Similarly, he supported the claim that "finality attaches immediately upon appellate discharge, the principle is immutable, an appellate discharge terminates the lis with absolute finality, no superior court may revive it without new evidence or distinct charges" by citing a case decided by an Australian court (Davern v. Messel (1984) 155 CLR 21).

The statement further insisted that Kanu's trial was void due to the Court of Appeal's October 13, 2022, ruling that cleared him.

The Supreme Court's remittal is therefore not only incorrect, but also jurisdictionally impossible, a global jurisprudential heresy. This was not judicial discretion, but rather judicial overreach masquerading as appellate review. In Nigeria, this doctrine is constitutionally enshrined in Section 36(9) and judicially fortified (Dokubo-Asari v. FRN (2007) 12 NWLR (Pt 1048) 320 at 375, appellate discharge "ends the matter finally and irrevocably."

The "unless set aside by a superior court" theory, which is appropriately limited to hierarchical obedience under Section 287, cannot be used as a weapon to violate the universal finality of appellate discharge or to pierce a constitutional immunity that functions outside and above the judicial pyramid. Holding otherwise would make Section 1(3) a dead letter and Section 36(9) merely a recommendation, elevating the Supreme Court above both the Constitution it vowed to preserve and the common-law community's sacrosanct concept of finality.

In Nigeria and throughout the common-law universe, the Constitution is supreme, the appellate discharge is final, and Mazi Nnamdi Kanu is immune, so such a perverse remittal is void ab initio, constitutionally inexcusable, and an affront to the unchangeable principle that no court, not even the Supreme Court, may clearly deviate from a fundamental right.
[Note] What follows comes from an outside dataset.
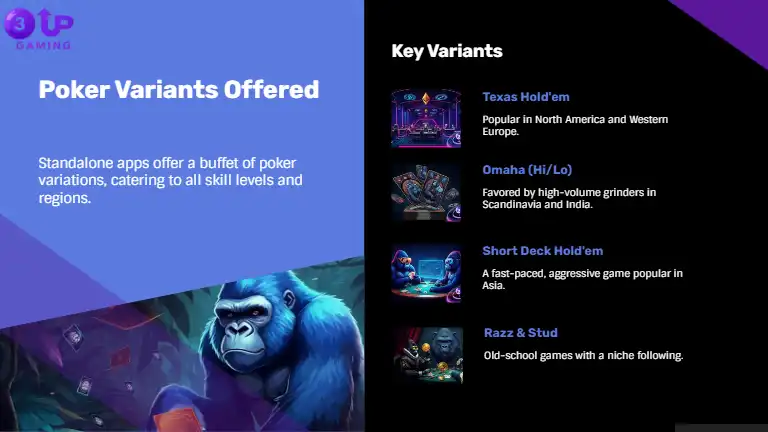 Explore Standalone Poker Games with Multiple Poker Variants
Njoku added that by overturning African Charter jurisprudence that had previously been decided by a seven-member full constitutional bench of the Supreme Court, the five-member panel that "allegedly remitted Kanu's case committed a second constitutional abomination," "an act unheard of anywhere in the world."

Because no smaller bench can legally overrule or modify a decision of a larger constitutional panel, this judicial insubordination to binding constitutional precedent violates the very doctrine of stare decisis et non quieta movere (stand by what is decided), undermines institutional coherence, and collapses the Court's hierarchical integrity.

Therefore, it is obvious that the December 15, 2023, remittal judgment is invalid not only for lack of jurisdiction but also for judicial insurrection against the Constitution and the African Charter jurisprudence, which, according to Section 12 and Article 1 of the Charter, constitutes Nigeria's supreme law.